Atropelo aos direitos humanos

“Qualquer tipo de obrigatoriedade do uso de contraceptivos pode, sim, ser considerada ilegal e inconstitucional”, diz a doutora em direito civil pela USP e professora de Direito da Universidade Mackenzie, Ana Cláudia Silva Scalquette. “O Estado precisa cuidar para que a mulher tenha plena liberdade de escolha”. Projetos similares foram tentados pela ditadura militar, e confirma-se, assim, que o Ministério de Damares, sem estridência, segue a ser uma espécie de central do extremismo da direita, no campo político e social, berço das mais retrógradas e radicais tentativas de cerceamento no terreno comportamental. “É direito garantido a escolha pessoal de querer ou não usar contraceptivos”, diz a promotora de Justiça e idealizadora do Estatuto da Vítima, Celeste Leite dos Santos.

R$ 5,6 milhões seriam gastos somente com a população carcerária

Claro que Damares não chega a cogitar da hipótese de o Estado apropriar-se fisicamente de alguém, a quem ele dera permissão para engravidar, como ocorre no livro de Atwood, mas tal apropriação se dará, de forma subliminar e com perversa sutileza, caso a nova portaria passe a vigorar. Veja como: o Estado não promove políticas públicas para as mulheres, e, uma vez marginalizadas, empobrecidas e doentes, projetos de eugenia nascem como sendo a grande solução — uma peneira demagógica a tentar tapar o sol do desprezo. Muitas dessas mulheres acabam de maneira ingênua e involuntária até concordando com as resoluções. Esse é pulo do gato dos que acham que existem merecedoras e não merecedoras de tocarem os seus genes para frente. É o Estado tornando-se dono dos direitos reprodutivos, da sexualidade e da feminilidade daquelas que se tornam alvos dessa ideologia. Há também, em tudo isso, uma farra com o dinheiro público. O SUS teria de pagar R$ 280,00 por cada bastão de Implanon. O Brasil tem cerca 60 mil presidiárias. Imaginemos que somente 20 mil delas fossem abraçadas pela portaria. O gasto seria de R$ 5,6 milhões. Isso só com detentas. Some-se as que estão em condições de rua, as profissionais do sexo e as portadoras de tuberculose e HIV.

RESPEITO Portadoras de HIV devem ter autonomia familiar: o contrário é inconstitucional (Crédito:Alina Souza)
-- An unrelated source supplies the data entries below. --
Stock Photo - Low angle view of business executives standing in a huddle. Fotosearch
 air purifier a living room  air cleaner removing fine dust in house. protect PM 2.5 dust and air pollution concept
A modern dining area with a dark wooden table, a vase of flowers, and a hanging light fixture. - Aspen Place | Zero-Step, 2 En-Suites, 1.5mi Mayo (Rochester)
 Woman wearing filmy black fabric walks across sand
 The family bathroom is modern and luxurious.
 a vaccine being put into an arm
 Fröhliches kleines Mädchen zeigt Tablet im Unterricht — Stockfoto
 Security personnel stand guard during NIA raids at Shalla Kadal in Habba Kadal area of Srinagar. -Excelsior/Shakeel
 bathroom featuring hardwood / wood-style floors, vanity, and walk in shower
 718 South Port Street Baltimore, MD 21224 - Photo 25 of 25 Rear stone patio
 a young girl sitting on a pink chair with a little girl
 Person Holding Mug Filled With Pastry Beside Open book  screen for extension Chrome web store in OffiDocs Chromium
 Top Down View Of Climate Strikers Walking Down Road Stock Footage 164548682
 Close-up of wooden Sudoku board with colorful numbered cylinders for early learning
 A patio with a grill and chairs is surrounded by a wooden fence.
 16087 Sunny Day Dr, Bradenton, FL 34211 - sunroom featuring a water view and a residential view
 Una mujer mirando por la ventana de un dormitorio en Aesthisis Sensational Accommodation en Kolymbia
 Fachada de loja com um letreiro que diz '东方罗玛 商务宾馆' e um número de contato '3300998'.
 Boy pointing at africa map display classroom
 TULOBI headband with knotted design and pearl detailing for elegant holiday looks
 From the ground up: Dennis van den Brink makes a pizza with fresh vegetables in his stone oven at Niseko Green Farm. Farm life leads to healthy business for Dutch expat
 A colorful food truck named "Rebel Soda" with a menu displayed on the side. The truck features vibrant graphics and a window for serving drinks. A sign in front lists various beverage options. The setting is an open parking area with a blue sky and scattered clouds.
Há, no entanto, mais atuações de Damares e, por isso, é bem provável que ela vá se sentar na bancada de interrogatório da CPI. Em meio ao caos da saúde brasileira e aumento sem controle do número de mortos, a ministra decidiu retirar a oferta de leitos de UTIs e produtos de higiene aos povos indígenas. Esse fato significou a anulação da Lei de Proteção aos Indígenas, que repassa ao Estado a obrigatoriedade de tais serviços. A justificativa do ministério é risível: os indígenas não teriam sido “diretamente consultados”, pelo Congresso Nacional, se queriam ou não esses benefícios. Mas o desdém vai bem mais longe e se cobre de maior gravidade. Tanto é assim, que o senador Humberto Costa, no requerimento em que pede a convocação de Damares à CPI, a acusa de ter excluído as etnias indígenas do grupo prioritário de vacinação. Mostra-se, mais uma vez, o desprezo que ela tem com a integridade física, psicológica e moral das minorias.

Damares Alves ganhou cargo na Esplanada dos Ministérios por servir plenamente ao bolsonarismo na área comportamental. Damares tem o rótulo de ministra dos Direitos Humanos, mas sequer respeita a condição de que tais direitos são cláusulas pétreas da Constituição no capítulo das Garantias Fundamentais. Exemplo disso é a anulação, que ela fez, da concessão de anistia política dada a 112 pessoas que foram presas pela ditadura militar. No ano passado, Damares também já havia anulado a anistia de outros 295 oponentes da ditadura, sob a falácia de que não houve perseguição política ao longo do regime de exceção. Essa atitude de Damares é o parâmetro que dá a medida exata do quanto o bolsonarismo e ela própria atropelam os direitos humanos.